Yeah, I couldn't quite work out how all of those fans were going to fit!

Similar to my initial set up: two fans on the U9S, a side intake and two bottom intakes. I took those bottom fans out because they didn't seem to make any real difference to temperatures and I don't feel that there's enough clearance between them and the GPU for them to be particularly effective. I think it does depend on your GPU, however.
 
Yeah, I couldn't quite work out how all of those fans were going to fit!
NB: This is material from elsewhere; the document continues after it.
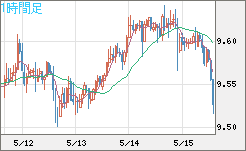 南アフリカランド/円チャート（ZAR/JPY）1時間足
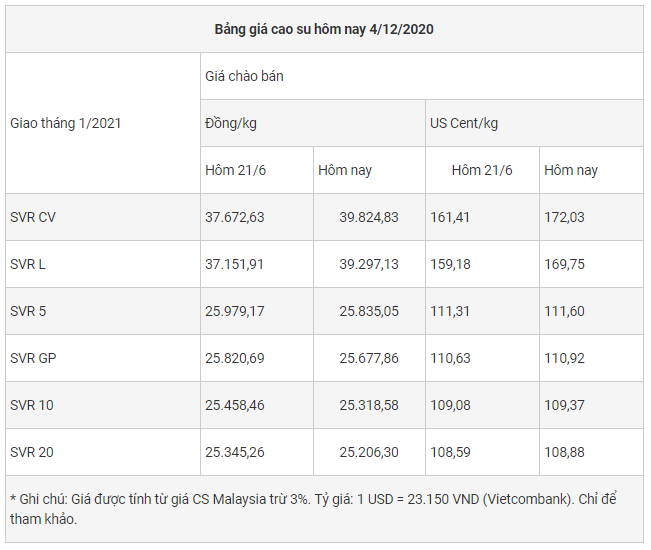 Cập nhật giá cao su chiều nay 4/12: Giảm sâu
Similar to my initial set up: two fans on the U9S, a side intake and two bottom intakes. I took those bottom fans out because they didn't seem to make any real difference to temperatures and I don't feel that there's enough clearance between them and the GPU for them to be particularly effective. I think it does depend on your GPU, however.
I had fans at the bottom too. Removed now. I use a 92 on my D9L, 92 at rear. 140mm noctua on the side. (NF-A15). Does okay but my Strix 1070 is easily loudest in my rig.
 
I'm planning on only using the 2 radiator fans in my rig...we'll see how that works out, but I don't think it'll need much more. Watercooled GPU, CPU, and the fans will be blowing right through the radiator onto the RAM. If I keep tubing minimal for best airflow then it should be a clean side intake, top/rear exhaust from air pressure, and good to go.
 
I'm planning on only using the 2 radiator fans in my rig...we'll see how that works out, but I don't think it'll need much more. Watercooled GPU, CPU, and the fans will be blowing right through the radiator onto the RAM. If I keep tubing minimal for best airflow then it should be a clean side intake, top/rear exhaust from air pressure, and good to go.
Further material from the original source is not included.